Комната для их свиданий еще не была готова, и надо было немного вдвоем подождать «в тепле». После торопливого объятия они сели. Их разделял стол. Она скинула платок, мучительно сознавая, что нос ее красен от мороза, что она увядшая, усталая, немытая, непричесаниая с дороги. Как-то экзальтированно, по театральному обняла его первая. Он сел, развалясь небрежно, с будто равнодушно-спокойным видом. Сидел, сжав губы, и напряженно, оцепенело молчал, только было заметно: дыхание перехватывает. Она расстегнула шубу, согреваясь, и рассказывала торопливо, как, получив телеграмму о разрешении личного свидания, собирала деньги (его мать дала), вещи, как уезжала 8 марта. Еще падал уже последний в их краях снежок, и провожали ее, ликующую, обе старухи-матери, его и ее. Как напекли для него вкусного, как, не останавливаясь, проехала Москву, как… как… Лепетала. Он смотрел и молчал, не разжимая стиснутых губ.
— Я вижу, ты мне будто и не рад! Может быть, мне сейчас лучше уехать?! — И только тогда он испуганно встрепенулся, поборов в себе что-то, и, будто убеждая сам себя, произнес вслух: «Нет — та! Та же, та!» Разговор стал обоюдным, но больше говорила Она — «скворец», как порою прежде называл ее, сам был всегда молчаливым, немногословным.
Он думал: где же та «фиалочка», та «белочка», где горячие глаза ее, которые он так любил? Теперь над ним нависли тяжелые сорокалетние веки, не было, не было в ее облике прежней лучезарности. А Она так же думала о его глазах, прежних голубых, кротких, ныне усталых, исполненных обреченности, утомленных многолетним страданием постоянного унижения.
И вдруг Она заметила, как неприятно опущены уголки его узких губ, и тут же подумала об Анне Карениной, внезапно увидавшей некрасиво торчащие уши мужа. Только не было у нее, как у Анны, новой любви!
— Господи! — подумала Она с ужасом, — неужели мы разлюбили друг друга?!
Вместе с ними, дожидаясь впуска в свою комнату, сидела в другом углу еще одна супружеская пара: одетый в приличный парадный костюм, хорошо выбритый и еще пахнущий парикмахерской латыш и его светловолосая подруга. Они смотрели друг на друга с восторгом, неотрывно, сплетая кисти рук; явно было: это свидание любящих… А они…
Наконец, освободилась комната свиданий. Оттуда вышли пожилые супруги, обнявшиеся перед новой разлукой… «А мы?!»…

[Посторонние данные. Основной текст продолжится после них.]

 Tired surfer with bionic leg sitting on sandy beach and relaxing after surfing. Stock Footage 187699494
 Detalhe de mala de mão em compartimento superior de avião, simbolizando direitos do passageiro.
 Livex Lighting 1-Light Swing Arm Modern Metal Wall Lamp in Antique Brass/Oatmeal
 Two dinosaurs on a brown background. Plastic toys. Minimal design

Коридор. По правую сторону две двери в комнаты для уединения, налево — окна, выходящие в зону. Впускающий указал уборную и водопроводный кран в глубине коридора. Комната была похожа на номер в гостинице захолустного города. Справа печь с горящей плитой и широкая двуспальная кровать. Две некрашеных табуретки и стол. На полу ведра для воды и помоев, и грязноватый таз, на плите закопченный чайник, кружка и небольшой утюжок. Больше никакой посуды в горнице не было. В ее глубине — окно, выходящее в запретку так, что сквозь проволоку видна была улица пришахтного поселка — домики барачного типа (в одном из них Она дожидалась назначенного часа свиданки).